Another thing ethnic markets will beat most supermarkets on is organ meat. If you think you don't like organ meat, try beef or chicken hearts — either grilled like a steak (go very rare if you do this) or stewed very long and slow. They really don't taste at all "organ-y." They're just super-meaty-tasting, and don't get stringy in stew the way that e.g. pot roast can get stringy. Gizzards are similarly wonderful in stew, though you have to cook them for a long-ass time before they get tender.

Oh, and goat. Keep an eye out around Easter. If they advertise spring goat kids, you want one. Get it cut up on the bone and make stew or curry.
posted by nebulawindphone at 12:58 PM on August 11, 2011 [3 favorites]
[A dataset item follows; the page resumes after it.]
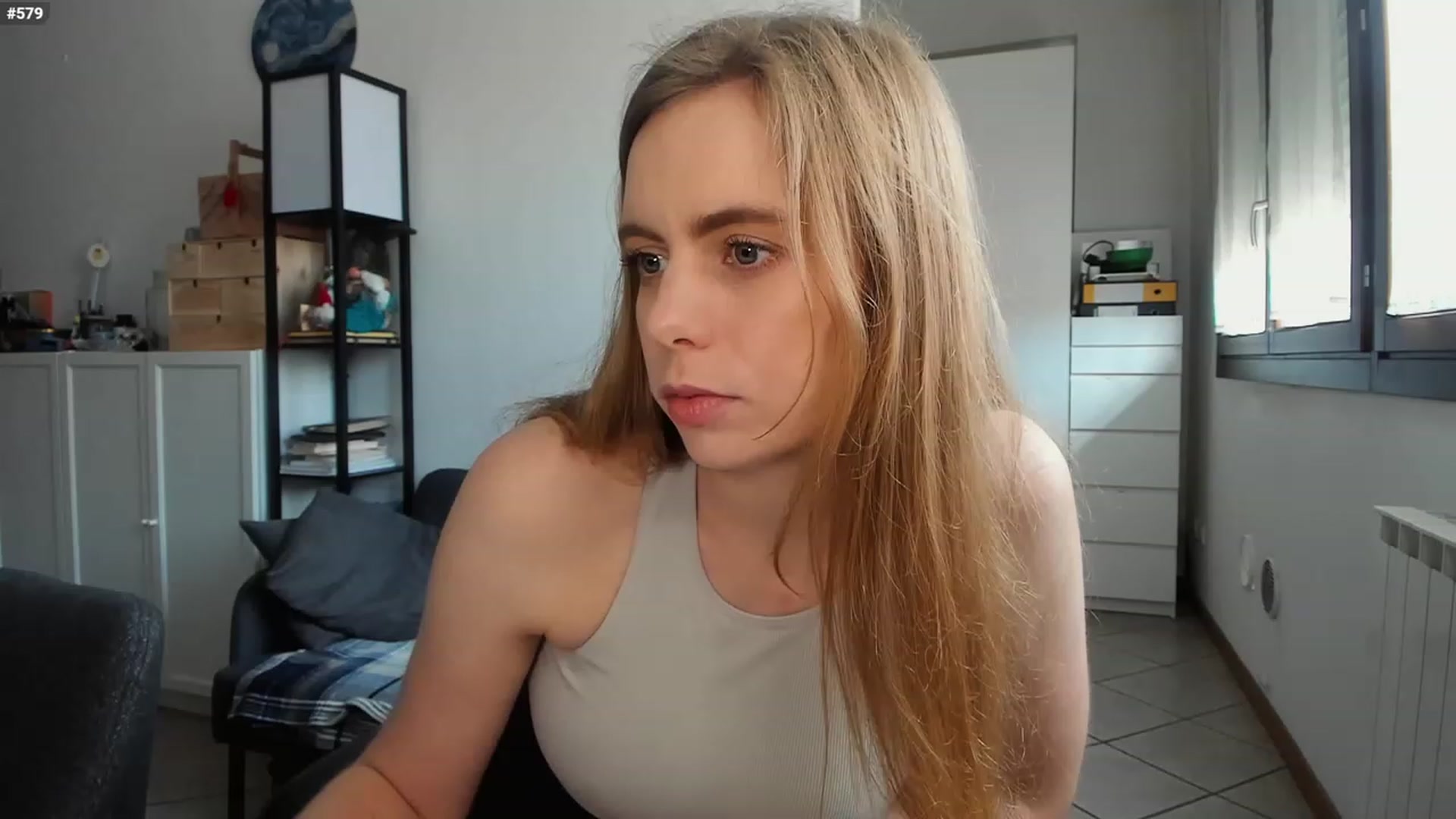 Personage video thumbnail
Epazote. Odd herb that tastes really interesting with black beans. Might be an acquired taste... has been mentioned already above but I just want to point it out again because it's such a unique flavor and so commonly used in southern Mexico.
posted by belau at 8:29 PM on August 11, 2011 [1 favorite]


nebulawindphone, I would like that oxtail recipe, please.
posted by 6and12 at 9:43 PM on August 11, 2011 [1 favorite]


Seconding everything above.

Also, I recommend Latin & Caribbean Grocery Store Demystified.
posted by desuetude at 10:46 PM on August 11, 2011 [1 favorite]


Needless to say there's no measurements. But here's what you need:
  • Half a bottle of "the cheapest, fruitiest rosé wine you can find." (Though from painful experience I can tell you that you do want actual wine made entirely from grapes here, and not some sort of Thunderbird-like concoction.)
  • A pound or so of meaty oxtails, with as much of the fat trimmed off as you can manage. I love me some fatty beef, but seriously, these things are plenty greasy even when you trim them well.
  • A few cloves of garlic, chopped fine, and a bit of olive oil to sauté it in.
  • A packet of Sazón Goya.
  • Also, you need ingredients and seasonings for the sofrito that everything's going to simmer with. The mnemonic for this part is that there are three sets of three. You need....
    1. Three fresh veggies: tomato, onion, green bell pepper. Roughly equal amounts, enough to cover all the meat in the pan. Chop them up fine.
    2. Three canned veggies: green olives, pimientos, capers. Half a jar of Goya alcaparrado (which includes all three) is about right. Get the kind with no pits in the olives.
    3. Three spices: oregano, cumin, paprika. Just use common sense on the amounts here.
Brown the oxtails — under the broiler if your oven has a good broiler, otherwise in a skillet. Basically get them really brown, on the highest heat you can manage.

Meanwhile, get a nice big pan. Fry up the garlic in a little bit of olive oil. Add the three fresh veggies and fry them until they start breaking down into undifferentiated flavorful mush. Add the three spices and cook for a minute more. Add the three canned veggies and the rosé wine, and cook it uncovered for another few minutes, so that it reduces down and gets thick again. After you reduce it, add some Sazón Goya, tasting as you go to make sure it doesn't get too salty, because that stuff is like 99% salt and MSG.

At this point, the oxtails go in the pan, and the whole thing goes on a back burner with a lid to simmer for two or three hours. You want the meat tender but not mushy.

Serve it with white rice. If there are a few green peas in with the rice, you get Extra Cuban Bonus Points. Also, if it were up to me, a gin and tonic with extra lime would be a mandatory accompaniment, but at least have a beer or something.

posted by nebulawindphone at 3:36 PM on August 12, 2011 [5 favorites]


I'd favorite every reply if it didn't seem ridiculous...you all are fantastic. Have already tried some of the suggestions, and look forward to going back to try more.